What will it take to improve Bay View High School’s reputation?

Alan Borsuk

If you drive south on the Hoan Bridge and the Lake Parkway, you can see Bay View High School rising over the surrounding neighborhood, massive and prominent on the landscape.
That symbolized the role of Bay View High School for decades, a pillar of the close-knit Bay View area, the place where thousands of neighborhood kids got diplomas that showed they were on good paths, often toward becoming part of working-class Milwaukee.
It’s been a long time since Bay View High was so connected to the social fabric of the community around it. The high school became the place kids from Bay View don’t go. Name a long list of other schools in the city and suburbs and Bay View kids are enrolled in all of them.
Bay View High stands now as a symbol of the problems facing large high schools in Milwaukee. When 30 teens were arrested at the school on Thursday because of a large outbreak of fights – and all of it before breakfast was over – Bay View became the hot spot for worry about schools in the city.

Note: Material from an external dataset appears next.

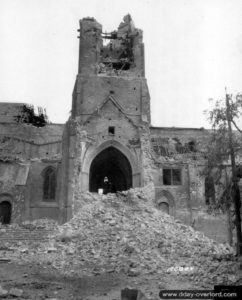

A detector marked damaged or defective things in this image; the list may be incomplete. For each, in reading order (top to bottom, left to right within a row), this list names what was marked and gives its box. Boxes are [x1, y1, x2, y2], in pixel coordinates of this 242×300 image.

damaged church facade [0, 16, 223, 233]
war-damaged building [0, 15, 238, 241]
missing window [163, 169, 182, 185]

We could discuss for a long time the changes in the school, talking about race, racism, family breakdown, class, culture, changing times and more. The realities are that Bay View has become a school where large numbers of students come from homes shaped by social dysfunctions and poverty, where seven out of eight students in the formerly 100% white school are from minority groups, where a large portion of the school is bused from elsewhere, where academic performance is not strong and the culture that supports academic excellence is limited to small groups of kids, where safety and behavior are big concerns, and where unhappiness about student-related problems is high among neighbors.